For the Cheater Ex (AKA The One Who Made Love Feel Dirty)
Want to shut your cheating ex right up when they try to make light of it? Don’t yell, make them sit with what they did. These make it clear that cheating isn’t a mistake, it’s a them issue. (Not you, babe.)
- You looked me in the eyes and lied as if it were nothing.
- You made betrayal look casual.
- You took the sacred and made it vile.
- You turned love into humiliation.
- You didn’t “make a mistake” you made a choice.
- You made me question every memory we had.
- You shattered trust as if it were replaceable.
- You made me feel stupid for believing in you.
- You played faithful while practicing your next lie.
- You turned my home into a platform for your infidelity.
- You let me cry and still acted as if you were the victim.
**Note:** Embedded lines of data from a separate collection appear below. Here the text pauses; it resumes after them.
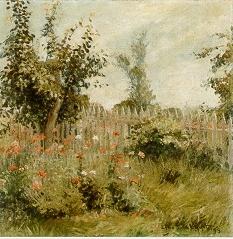Flowers Along the White Picket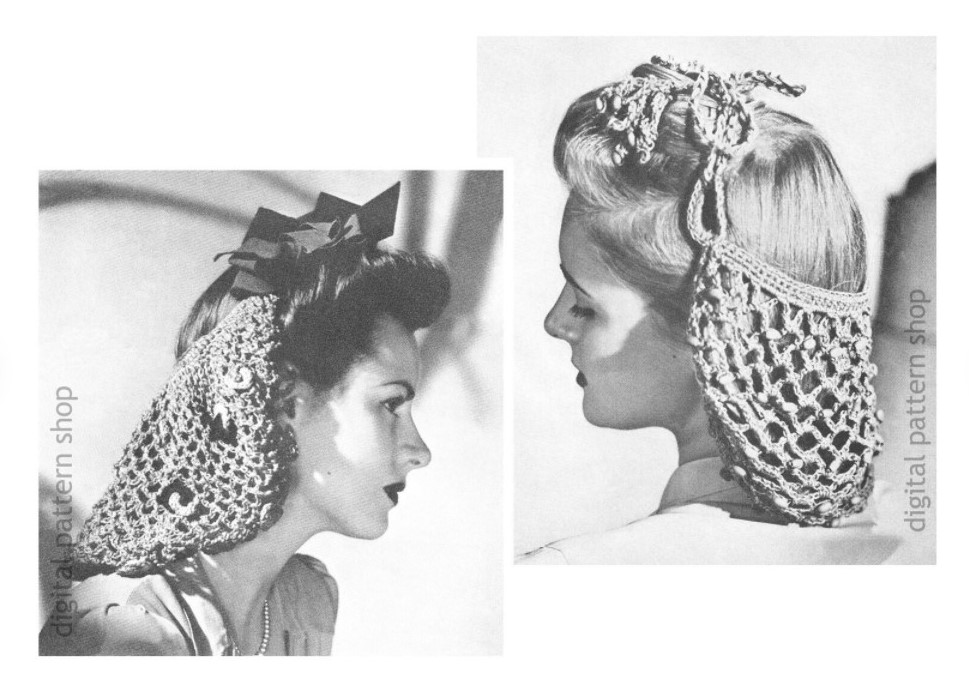 1940s Vintage Snoods Crochet Pattern for Women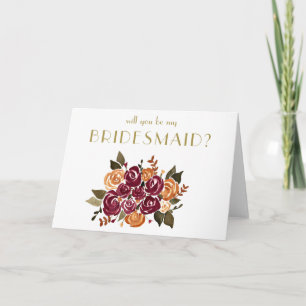 Wine and Roses Will You Be My Bridesmaid Invitation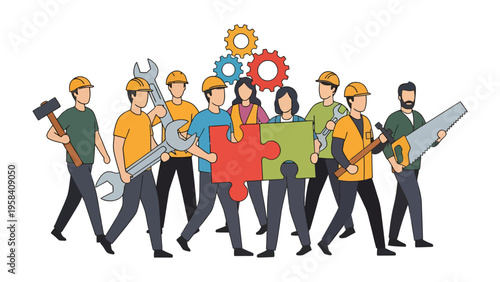 Collaboration Harmony: A unified team of construction workers diligently unite, demonstrating the power of teamwork, cooperation, and skill.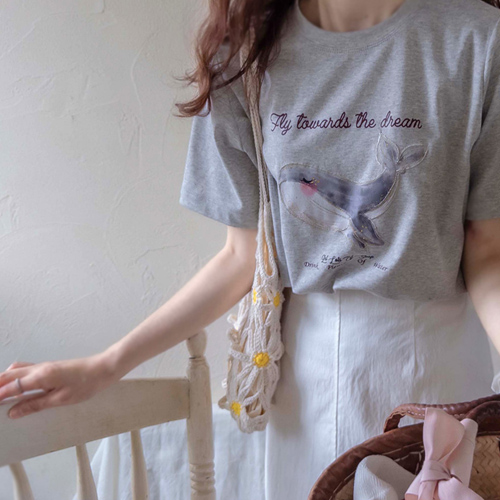 [LABEL] Summer whale and lettering Chewy spandex, sturdy and resilient Tee [size: F(55~66)]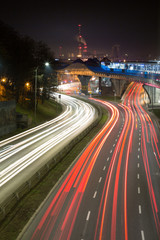 Fototapeta premium Light trails in Cracow by night
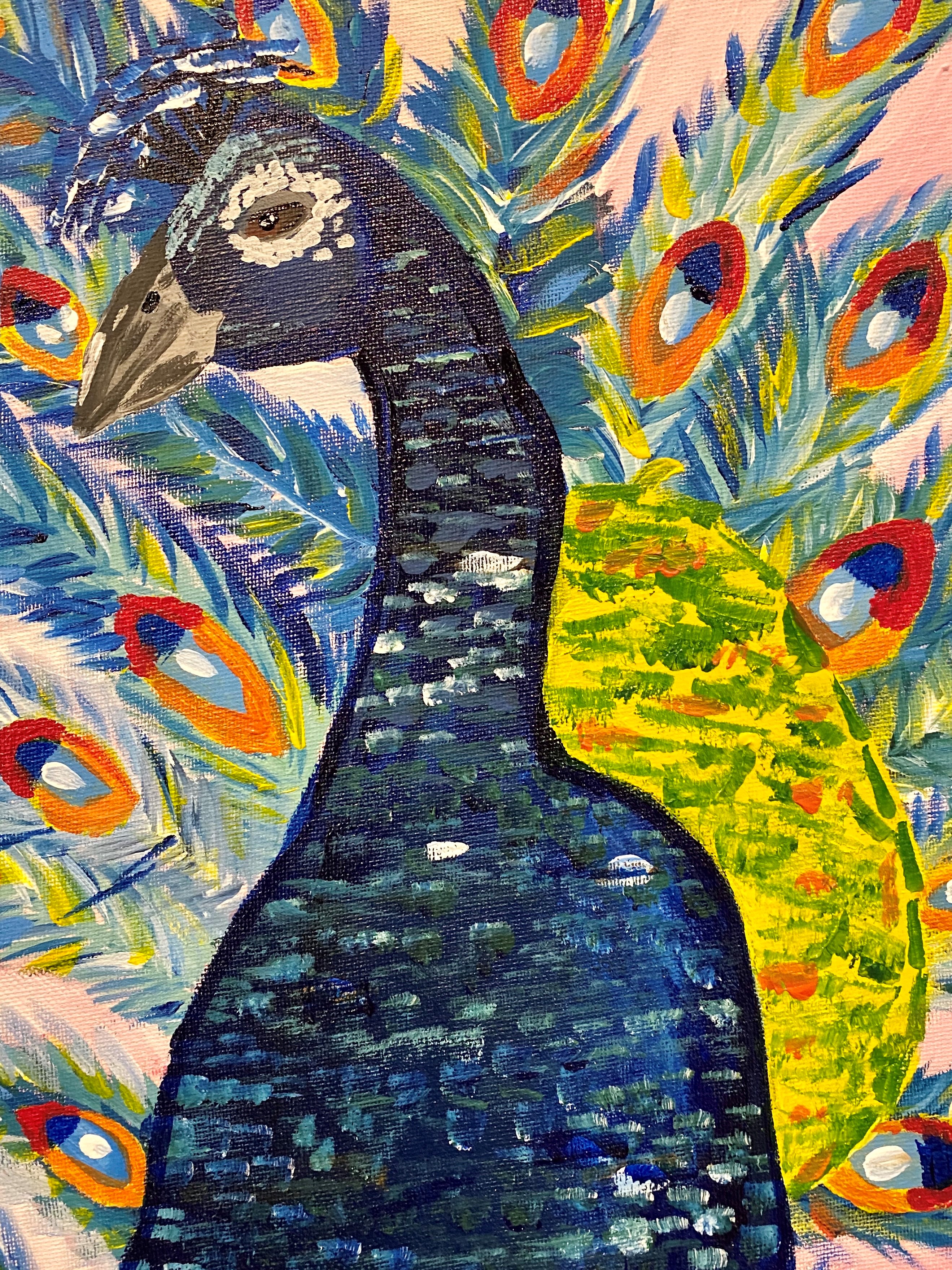 Painting of Peacock, by Vada F. (Grade 7)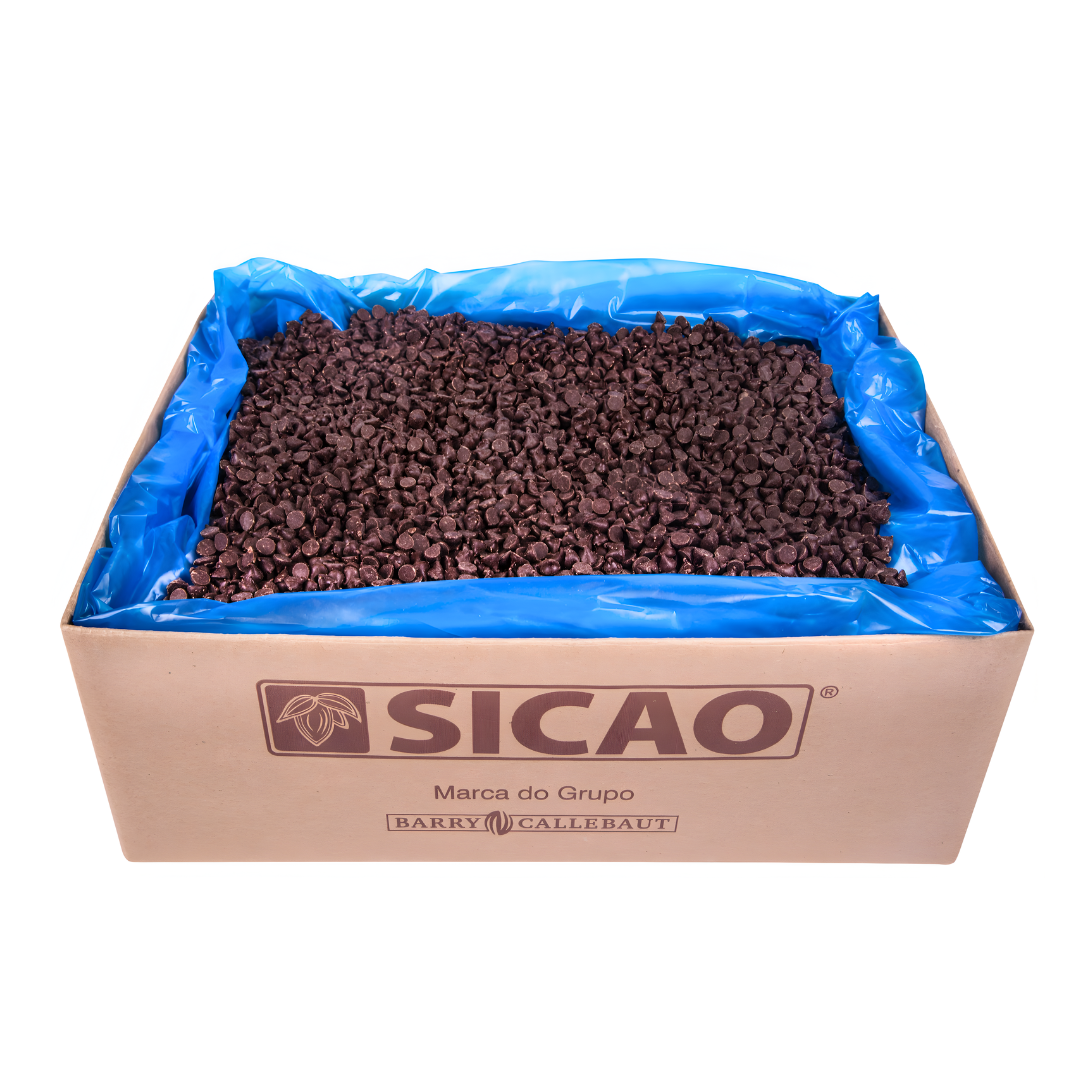 Chips de Cobertura Fracionada Sabor Chocolate Meio Amargo Mais - 10kg - Sicao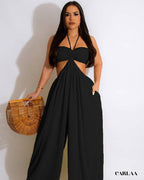 Flowing black jumpsuit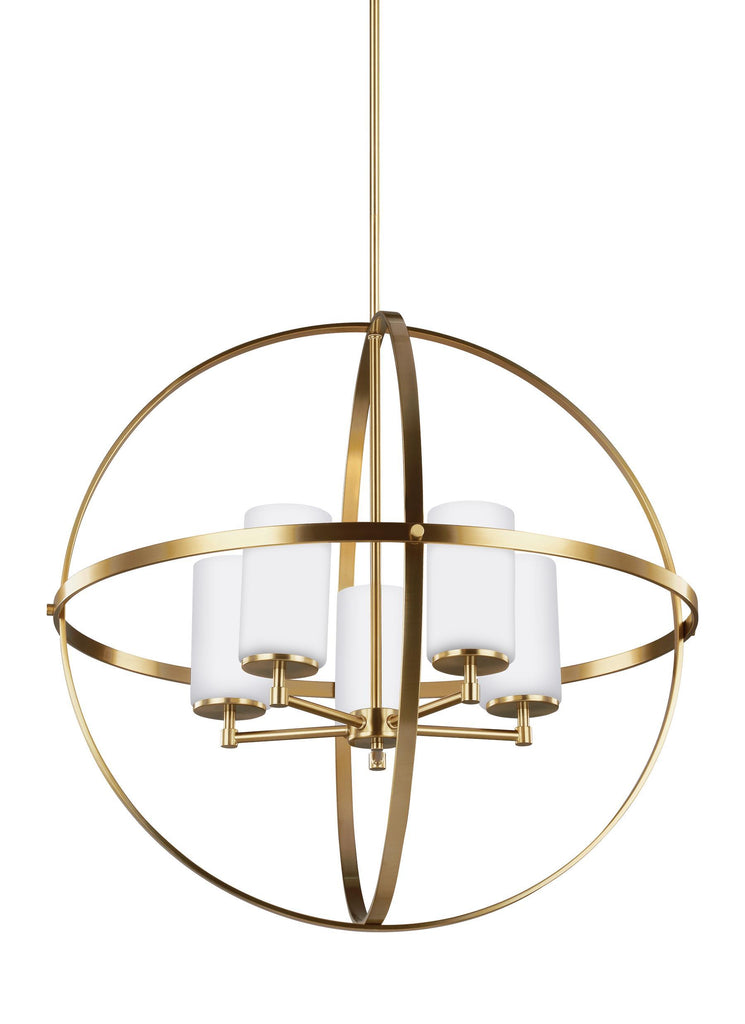 Alturas Five Light Chandelier - Satin Bronze Ceiling Sea Gull Lighting 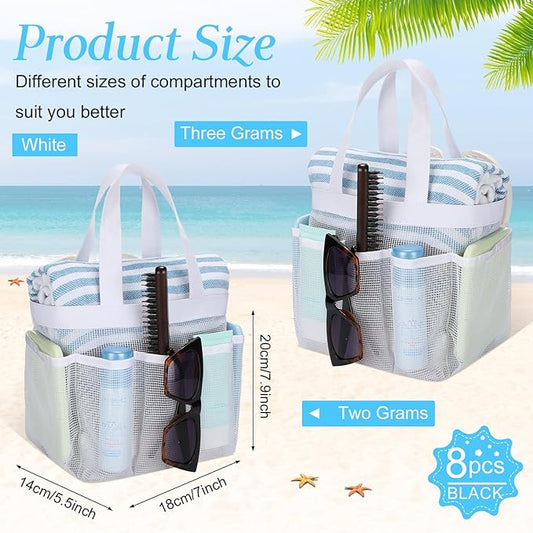 8 Packs Mesh Shower Caddy Portable Large Shower Caddy Dorm with 8 Pockets and Handles Quick Dry Shower Bags Hanging Bath Bag Dorm Room College Essentials for Bathroom Gym Camp (White)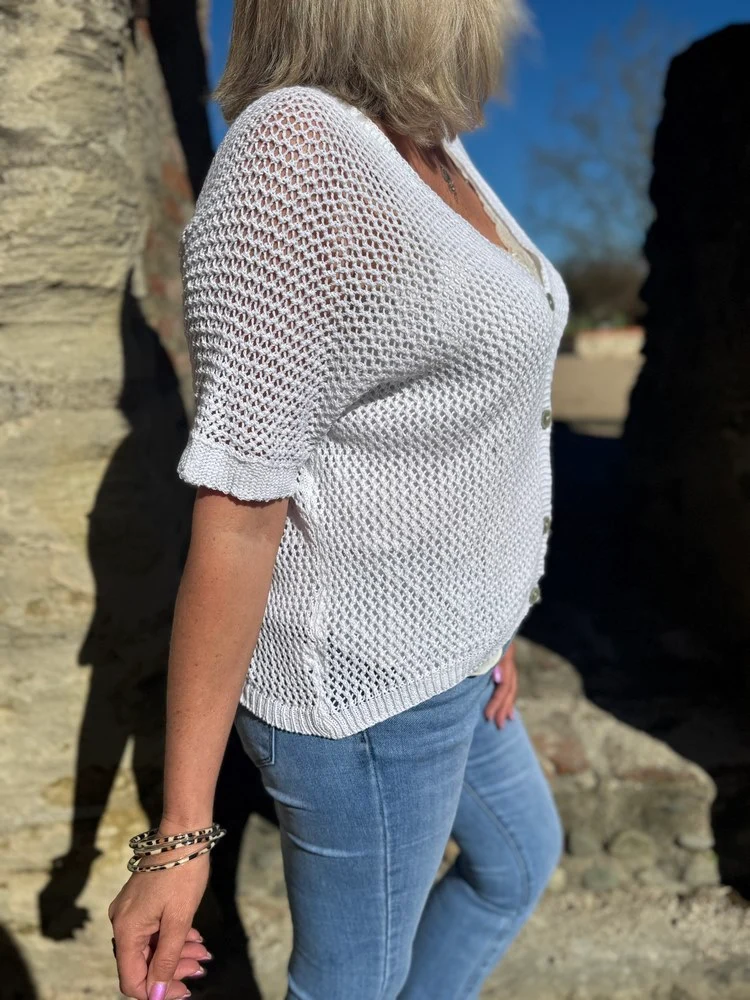 Gilet ajouré Alexandro blanc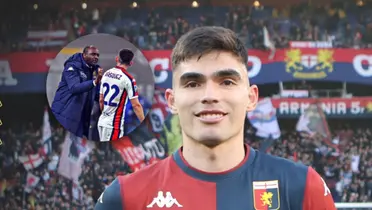 Johan Vásquez y Patrick Vieira/Foto Serie A.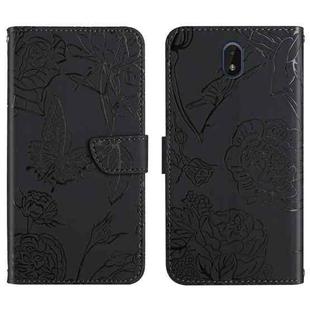 For Nokia C01 Plus Skin Feel Butterfly Peony Embossed Leather Phone Case(Black)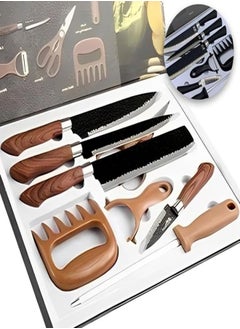 Buy Knife Set With Scissor 8 Pcs Stainless Steel Chef knife in UAE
- You blamed me for the attention you couldn’t stop chasing.
- You showed me what disgust feels like.
- You turned love into something that made me physically ill.
- You broke me and then called me bitter for remaining broken.
- You tried to convince me it wasn’t that bad.
- You made intimacy feel unsafe.
- You killed every version of myself that trusted easily.
- You didn’t lose me you buried me under your lies.
- You made “sorry” sound insignificant.
- You made loyalty seem naïve.
- You shattered a part of me that you’ll never be capable of fixing.
- You will never know what it feels like to be loved by someone you destroyed.
- You lied so much that you started believing yourself.
- You didn’t cheat because you were unhappy, you cheated because you were hollow.